BRIEF DESCRIPTION OF THE DRAWINGS
FIG. 1 is a cross section view of a pump according to the present
invention.
FIG. 2 is a table illustrating the steps in an operation cycle of
the pump of the invention.
DETAILED DESCRIPTION OF THE PREFERRED EMBODIMENT
A pump 100 of the present invention is shown in FIG. 1. A medium
105 contains a fluid that is to be transferred to a medium 110. A
tube or conduit 115 connects the medium 105 to an transducing
material valve 120, which is shown in the open position. The valve
120 consists of a stack actuator made from a transducing material
such as a magnetostrictive or electroactive material.
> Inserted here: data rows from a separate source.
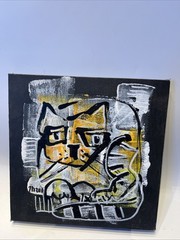 Cat painting acrylic picture on canvas unique gouache orig sign ZM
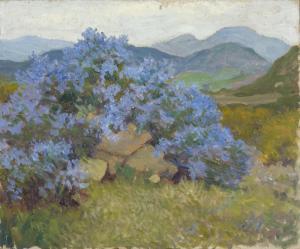 SCHMIDT Albert H.,Two Sided Painting: Desert Lilacs (recto) / Study ,Santa Fe Art Auction 2022-05-28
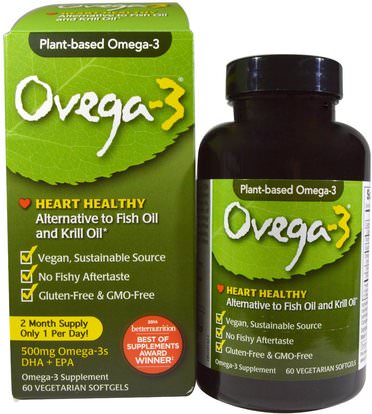 Ovega-3, Ovega-3, DHA + EPA, 500 mg, 60 Veggie Softgels ,المكملات الغذائية، إيفا أوميجا 3 6 9 (إيبا دا)، أوميغا 369 قبعات / علامات التبويب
Stack actuators that would be suitable for the valve 120 are
commercially available and designed to expand in height when an
electric or magnetic field is applied. For example, the actuators
may be formed with a stack of thin dielectric wafers or layers
instead of a single wafer because the amount of expansion is
related to the electric field induced in the wafer. Since the field
induced in each wafer is directly related to the applied voltage
and inversely related to the thickness of the wafer, many thin
wafers stacked together will produce a greater expansion than a
single wafer of comparable thickness. The use of a stack also
allows the high electric field required to be induced with a low
voltage and current, for example less than 100 volts and several
milliamps.
Stack actuators of the type described can achieve displacements of
approximately 10 to 20 microns depending on the type of transducing
material and the length of the stack. A typical electroactive
actuator of this type is a piezoelectric stack actuator made by
Morgan Matroc, Inc. of Bedford, Ohio. A piezoelectric stack
actuator may be advantageous for certain applications because the
field-induced strain changes sign upon field reversal, which will
provide a greater difference in volume with which to induce the
flow of fluid. This behavior is in contrast to stack actuators made
of electrostrictive material in which the field-induced strain is
independent of field reversal. A typical magnetostrictive actuator
of this type is one sold by Etrema, Inc. of Ames, Iowa made from
Terfenol-D. However, the choice between a magnetostrictive and
electroactive material for the actuator will depend on design
factors such as available voltage and current, size and operating
conditions such as temperature and pressure.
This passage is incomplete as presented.